Tak ketinggalan kutawari juga film india yang dalam beberapa pekan ini aku
tonton juga.hehe. Sebagai barter, entah dapat dari mana Om ku memberikan
koleksi film-filmnya. Tentu saja koleksi beliau tidak lebih banyak
dariku.hahaha. Akhirnya, kucopy lah film "Muhammad AlFatih" dan
"Front of The Class". Judul yang kedua cukup membuat saya tercenung
dan bahkan hampir meneteskan air mata. Setelah dua pekan yang lalu larut dalam
emosi film bollywood, sore itu saya meleleh dalam film yang berdasarkan dari
sebuah buku dan juga kisah nyata. Front of The Class termasuk film lama.
Berkisah tentang seorang penderita Tourette Syndrom yang memiliki tekad luar
biasa kuat untuk menjadi guru.
Dan inilah itu, satu catatan sederhana , maaf kalau
mengandung spoiler :-)
"Guru bagi saya adalah orang yang memungkinkan anak-anak belajar walau dalam kondisi berbeda..."
Itulah jawaban
seorang Brad Cohen ketika ditanya kenapa ingin menjadi guru dan bagaimana guru
semasa kecil bisa menginspirasi dia untuk bertekad menjadi guru. Pertanyaan itu
muncul dalam sebuah wawancara pekerjaan di sebuah sekolah dimana Brad
mengirimkan lamaran pekerjaan. FYI, itu adalah sekolah yang ke sekian puluh
kali ia masuki untuk melamar pekerjaan sebagai guru. Brad Cohen memiliki resume
yang sangat bagus. Setiap lamaran pekerjaan yang dimasukan, ia selalu mendapat
panggilan wawancara. Namun, berulang kali pula ia gagal dalam wawancara. Dengan
satu alasan yang sama , para pengelola sekolah itu tidak percaya bagaimana
seorang penderita Tourette Syndrom dapat mengajar di depan kelas.
Sebuah hal yang cukup
mengganggu memang ketika dalam sebuah kondisi yang membutuhkan konsentrasi,
tiba-tiba ada seorang yang menimbulkan suara aneh seperti gonggongan anjing.

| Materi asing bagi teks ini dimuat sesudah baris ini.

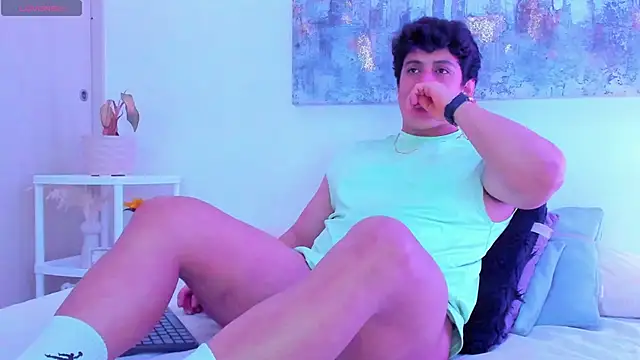 arminjones1 online show from 01/11/26, 06:29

Penderita Tourette memang khas dengan gerakan-gerakan dan suara-suara yang
aneh. Syndrom ini adalah sebuah gangguan neurologis dimana sang penderita akan
menimbulkan gerakan dan atau suara aneh sebagai sebuah ekspresi emosi.
Suara-suara itu tak bisa dikendalikan. Itu semua muncul diluar kuasa sang
pengidap Tourette Syndrom. Bagi orang normal, itu menjadi terasa aneh dan kerap
kali memang mengganggu. Itulah yang dialami seorang Brad Cohen sedari kecil.
Langsung ke pointnya
saja, bahwa menurutku film ini memiliki pesan pendidikan yang kuat. Ada satu
moment dimana Brad merasakan telah terbuka pintu dunia baru baginya. Yaitu,
ketika kepala sekolah-nya, Mr.Myer , memberikan kesempatan kepada dia untuk
bicara depan khalayak apa yang diinginkannya, dan Brad menjawab : saya ingin
diperlakukan sama seperti orang lain.
Tercenung mengingat
bahwa dalam kehidupan sehari-hari kita mungkin terlalu banyak memarginalkan
orang lain yang berbeda. Kita susah untuk menerima bahwa tiap orang memiliki
keunikan masing-masing. Saya pribadi pun tidak mudah mempraktekkan hal
tersebut. Saya pernah punya murid les yang berkebutuhan khusus. Awalnya, saya
tidak tahu. Sebuah kebiasaan, kalau punya kelas belajar, saya akan membebaskan
mereka untuk belajar dan bertanya kapanpun juga, tidak terbatas pada jam belajar.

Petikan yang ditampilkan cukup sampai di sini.